Data shown:

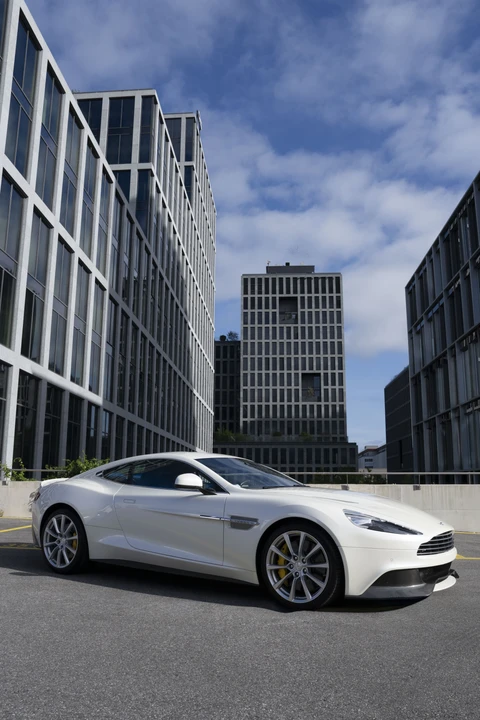 2016 Aston Martin Vanquish 2nd Gen - Image 28 of 31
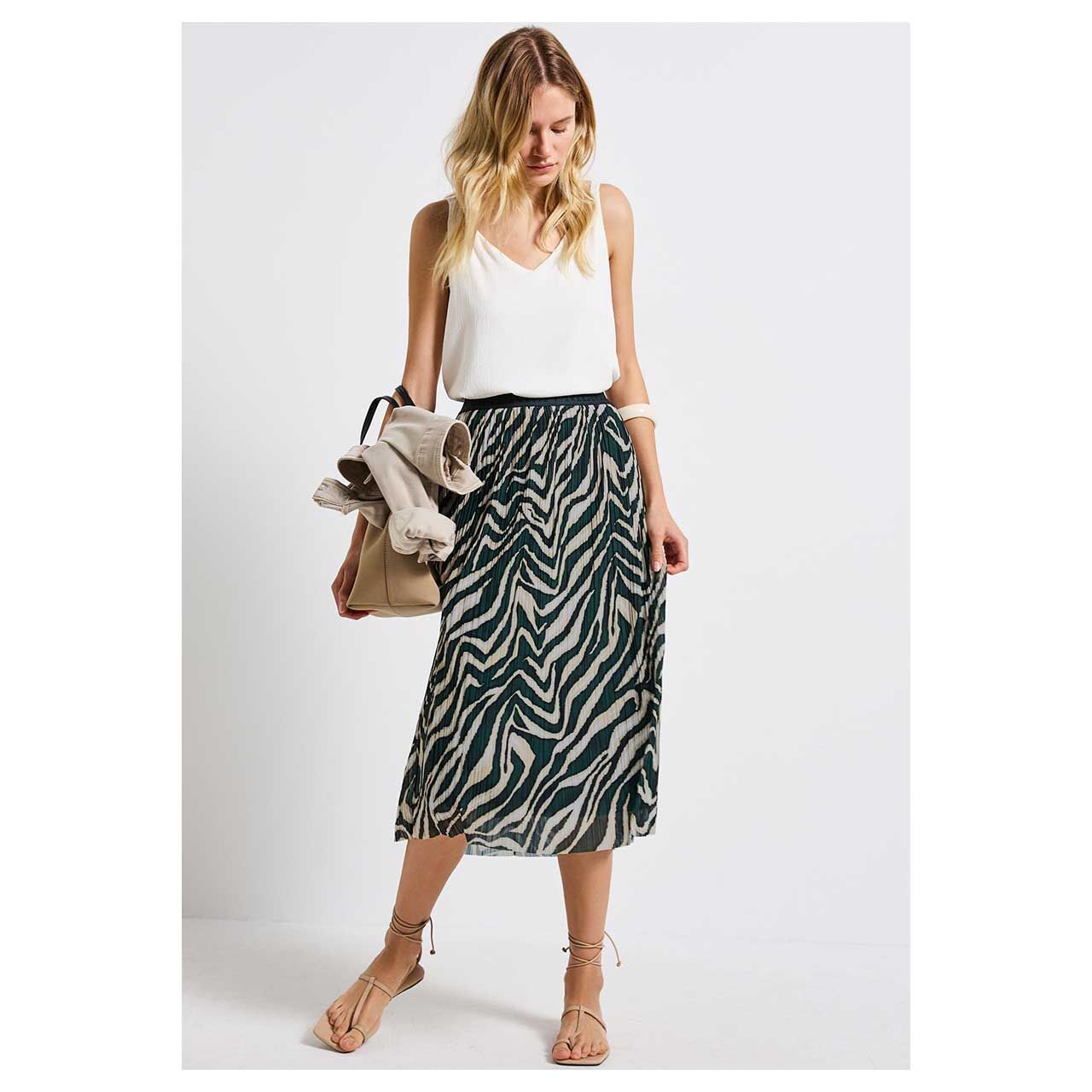 Damen Plissée Rock in Dunkelgrün mit Print,Ganzkörperansicht Outfit Modell gestylt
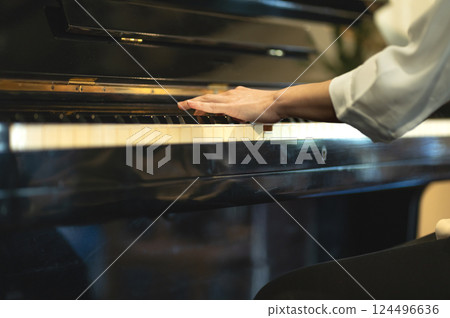 一個女人的手彈鋼琴 一個女人的手彈鋼琴 124496636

Problem requirements: Apart from the pictures, every line of the material above is to be returned word for word.

Response to the exercise:
 2016 Aston Martin Vanquish 2nd Gen - Image 28 of 31
 Damen Plissée Rock in Dunkelgrün mit Print,Ganzkörperansicht Outfit Modell gestylt
 一個女人的手彈鋼琴 一個女人的手彈鋼琴 124496636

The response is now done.